Part II: Metric Incorporation

Taking a look at the Post Metrics

My next step was to incorporate the various metrics I had on post popularity into the overall sentiment score. I took a look at the metrics shown below and found a certain distinction to categorize them - homogeneous and heterogeneous.

Metric Visualization

An example of a homogeneous metric would be the upvote ratio, which is evenly spread out between 0 and 1. While heterogeneous metrics include number of comments and number of upvotes, with the majority of posts having only single-digit counts, but a few having extremely high counts.

Homogeneous Data

For homogeneous data, I split them based on percentiles, namely the 20th, 40th, 60th, and 80th, forming five categories altogether. Data that fell into the highest category had their scores multiplied by 1.5. Each following category had decreasing increments of 0.25 in their multipliers, with the scores in the lowest category only being multiplied by 0.5. This means that posts which most agreed with (high upvote ratio) would have their sentiment scores magnified; while highly unpopular posts would have theirs diminished. The functions that are used to achieve this are defined below.

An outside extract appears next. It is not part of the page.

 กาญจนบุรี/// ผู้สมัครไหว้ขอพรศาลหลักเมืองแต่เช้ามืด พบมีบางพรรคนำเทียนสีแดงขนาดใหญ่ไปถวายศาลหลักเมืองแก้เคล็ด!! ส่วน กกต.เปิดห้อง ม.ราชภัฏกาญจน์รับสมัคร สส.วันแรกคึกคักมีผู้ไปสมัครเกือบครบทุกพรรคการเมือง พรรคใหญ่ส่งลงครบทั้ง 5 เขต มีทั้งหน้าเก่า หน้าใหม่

# Obtains the percentiles for homogeneous data
def find_percentiles(data):
    p_20 = np.nanpercentile(data, 20)
    p_40 = np.nanpercentile(data, 40)
    p_60 = np.nanpercentile(data, 60)
    p_80 = np.nanpercentile(data, 80)
    return [p_20, p_40, p_60, p_80]

def updatep(column, data):

    # Store the percentiles in a list
    percentile = find_percentiles(df[column])

    # Split the data into 5 different categories based on percentile
    data[column + "_category"] = np.where(data[column] <= percentile[0], "E", data[column + "_category"])
    data[column + "_category"] = np.where((data[column] > percentile[0]) & (data[column] <= percentile[1]), "D", data[column + "_category"])
    data[column + "_category"] = np.where((data[column] > percentile[1]) & (data[column] <= percentile[2]), "C", data[column + "_category"])
    data[column + "_category"] = np.where((data[column] > percentile[2]) & (data[column] <= percentile[3]), "B", data[column + "_category"])
    data[column + "_category"] = np.where(data[column] > percentile[3], "A", data[column + "_category"])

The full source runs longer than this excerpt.